Cycling boss sent home for racist remarks
Germany’s cycling federation boss was sent packing from the Games after he was caught making racist remarks on camera during the men’s road time trial. Patrick Moster was said to be attempting to motivate a German rider, Nikias Arndt, who was chasing a pair of riders from Algeria and Eritrea, when he made the comments. “Get the camel drivers,” he was recorded saying. Moster apologised but the German Olympic Federation said he had “breached the Olympic values”.
Judoka defends coach’s ‘slap’
She said it was nothing more than a pre-competition tradition, but eyebrows were raised across the globe when images showed Germany’s Martyna Trajdos being shaken violently and slapped across each cheek before her bout in Tokyo.
Trajdos was competing in the women's -63kg category when she stopped before the mat when the bizarre episode occurred. She later said that her coach is "just doing what I want him to do to fire me up."
Judokas fail to face Israeli opposition
Two Olympic judokas refused to take to the mat in Tokyo when they were drawn against Israeli rivals. Sudan’s Mohamed Abdalrasool weighed in for his bout against Israeli Tohar Butbul but then failed to show. The athlete was ordered to leave the Games after his unexpected withdrawal. A few days previously, Algeria’s Fethi Nourine was sent home and suspended by world judo after he also withdrew to avoid a potential matchup with Butbul. “We worked a lot to reach the Olympics, but the Palestinian cause is bigger than all of this,” said Nourine.
Belarusian at centre of political storm
In one of the most extraordinary stories of the Games - and recent Olympics - a Belarusian athlete was granted a humanitarian visa by Poland after she feared for her life if she returned to her homeland. In a prolonged story, Krystsina Tsimanouskaya claimed that she had been entered into the 4x400m relay without being consulted and then forced to return to Belarus on the order of two coaches.
Watch: Belarusian 'so happy' to reach Poland
She then used Google Translate to issue a plea for help to Japanese police at a Tokyo airport and managed to avoid boarding a flight. She later travelled to Warsaw where she met up with her husband. "I just wanted to run at the Olympics, it was my dream,” she said. The two coaches were later stripped of their accreditation by Olympic officials as the story rumbled on.
Transgender athlete's controversial appearance
The silence spoke volumes. During the press conference for the medal winners in the 87kg lifting event, a reporter had asked their thoughts on competing alongside a transgender athlete. Seconds passed before a ‘No, thank you’ was issued by the US bronze medallist.

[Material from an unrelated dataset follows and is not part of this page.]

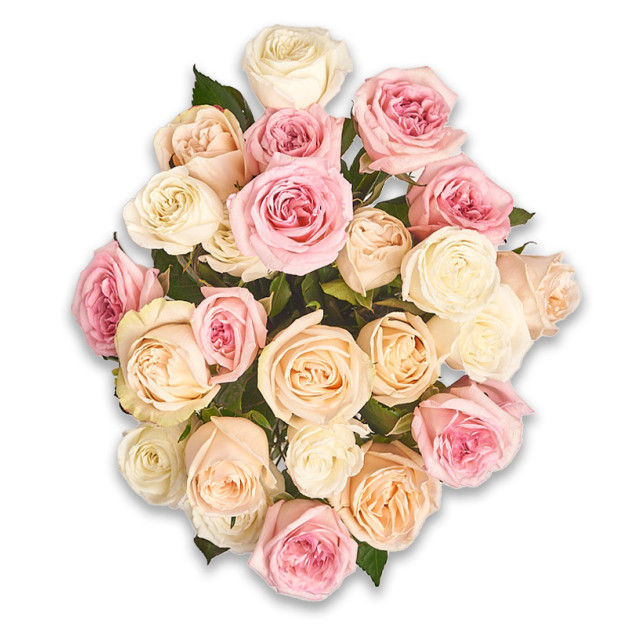 Букет 25 піоновидних Троянд мікс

Watch: Weightlifters shun questions on transgender athlete
It came after Laurel Hubbard made history as the first trans woman to compete in a solo event at the Olympics. The 43-year-old, who failed to complete a lift, later announced her retirement from the sport. “Age has caught up with me. In fact if we're being honest it probably caught up with me some time ago,” said Hubbard.
British Rowing find choppy waters
Team GB’s rowers registered their worst Olympic performance for 49 years - one silver, one bronze and six fourth-places - with several acrimonious moments played out in television and newspaper interviews. First, following the coxless four’s failure to win Olympic gold for the first time since 1996, Matthew Rossiter claimed that some of his illustrious predecessors would be "smug" at the defeat – a comment thought to be aimed at James Cracknell, who poured scorn on the notion.
On the final day of racing, Josh Bugajski, part of the men’s eight that won bronze in the final race, said that he “popped a bottle of champagne when Jurgen retired. I had three very dark years under him.” Bugajski was referring to Jurgen Grobler, who had quit after 28 years last summer. Much to ponder for British Rowing ahead of Paris 2024.